* Posts by debater

3 publicly visible posts • joined 9 Jun 2021

South Korea’s nuclear research agency breached by North Korea-affiliated cyberattackers, says malware analyst group

debater

Employ them?

I wonder if one possible strategy for tackling the---apparently talented---hackers who pull off these hacks is to offer to employ them? I suspect we (the NATO countries) could offer them more money than their current employers, as well as slightly better conditions of employment (e.g. a reduced threat of the loss of appendages for suspected disloyalty). Just a thought.

It's 2021 and a printf format string in a wireless network's name can break iPhone Wi-Fi

debater

Anyone who makes WiFi low-level software

Anyone who makes WiFi low-level software: this is one to add to your automated test suites, please. Pretty please.

(Shameless plug: unless, of course, you use Ada to write your critical software :-)

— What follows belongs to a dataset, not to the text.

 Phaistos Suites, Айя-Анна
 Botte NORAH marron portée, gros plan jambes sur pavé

(You know, the International Standard programming language that was _designed_ for writing safety-critical software.)

(And even then, of course, still add it to your automated test suites, since even Ada software has to call into stuff sometimes.)

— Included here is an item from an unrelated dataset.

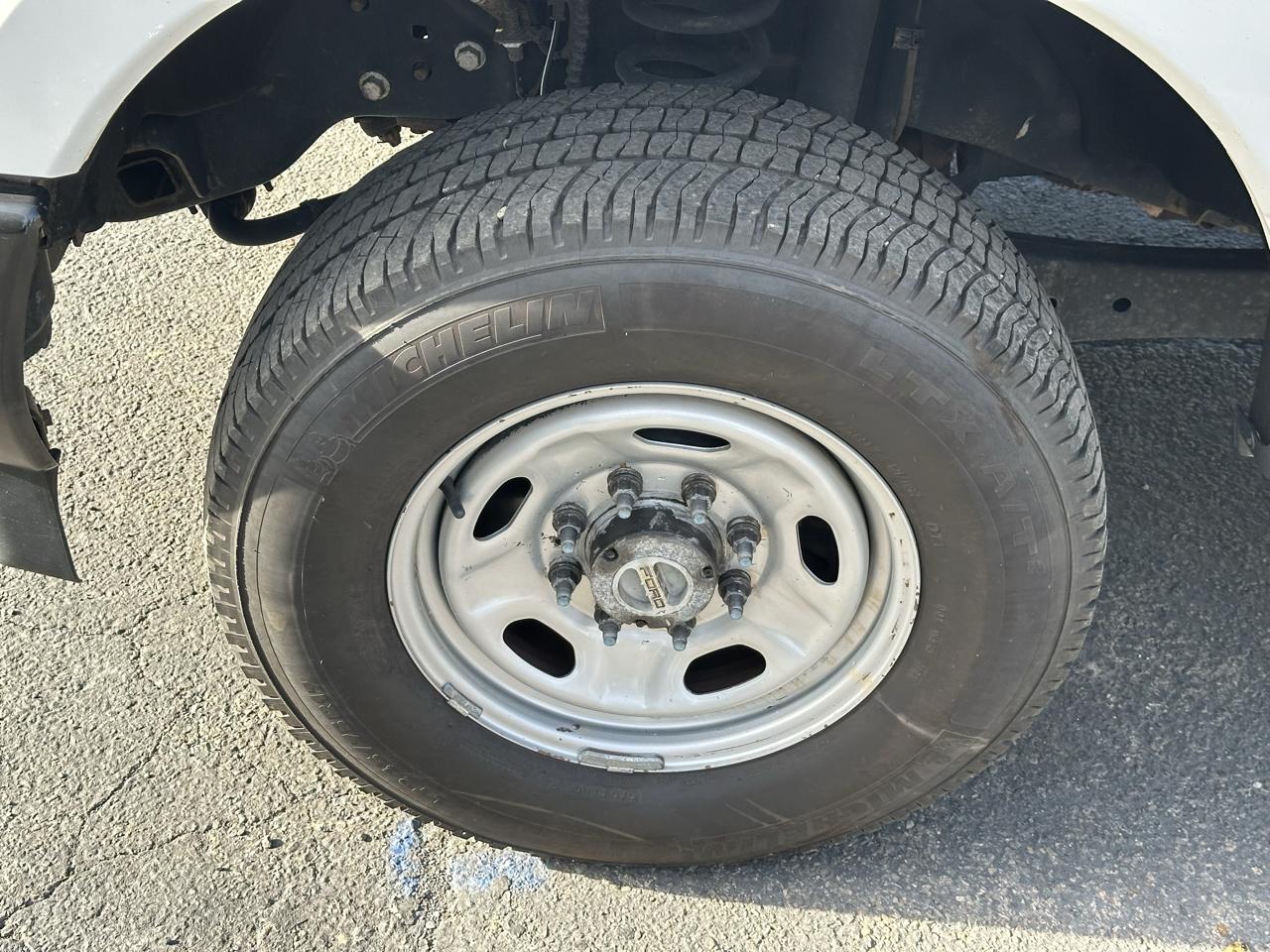 Ford F-250 SD XL Crew Cab Long Bed 4WD 2017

Fastly 'fesses up to breaking the internet with an 'an undiscovered software bug' triggered by a customer

debater

Missing the Point Completely

I feel that headlines such as 'Fastly broke the internet' are a typical case of the media (El Reg excluded) firmly grasping completely the wrong end of the stick.

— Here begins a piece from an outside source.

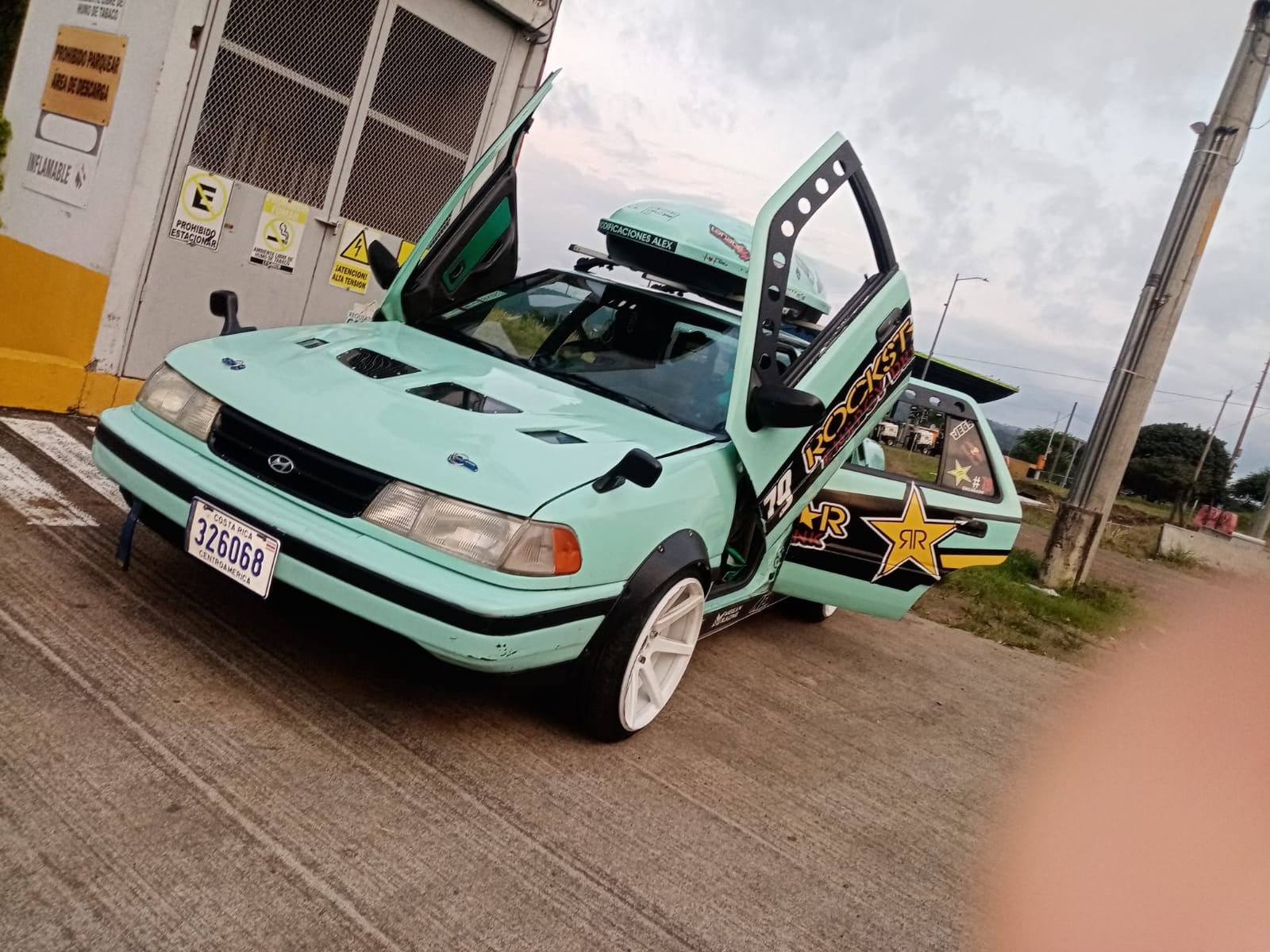 Hyundai Excel 90, Reinaldo Mena, machetico, chuzo de la semana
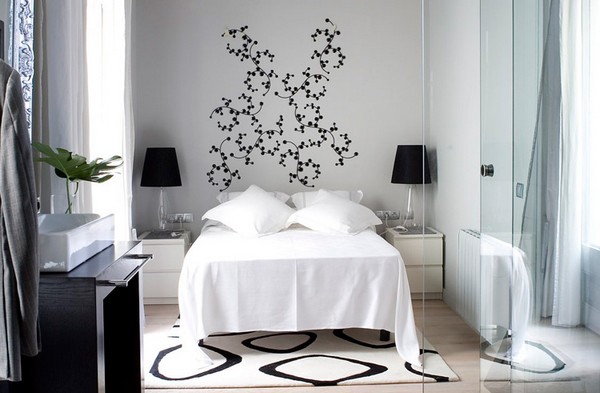 Strict-Black-and-White-Bedroom-Loft-Interior-Design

In this case what happened---tell me if I'm wrong---is that the CDN that Fastly runs went down for an hour, and that caused thousands of popular websites to fail. Now please go back and read that sentence again carefully. It caused **thousands of popular websites to fail**.

The fault is not with Fastly at all! The whole tacit deal with CDNs is, and always was, that they are not guaranteed to be up all the time. Some websites have the ability to fall back when fetching anything from a CDN: they fetch what they need from some other source if they can't get it from the CDN. The fault is **entirely** with all the thousands of websites that do not have a fallback mechanism. Presumably they still don't, and nobody is going to fix it.

Admittedly, HTML5 currently does not mandate any such mechanism to be provided by the browser built-in, and website developers therefore have to roll their own or use a JavaScript library. That is a serious failing of HTML5, but it doesn't excuse the publishers of major prestige websites.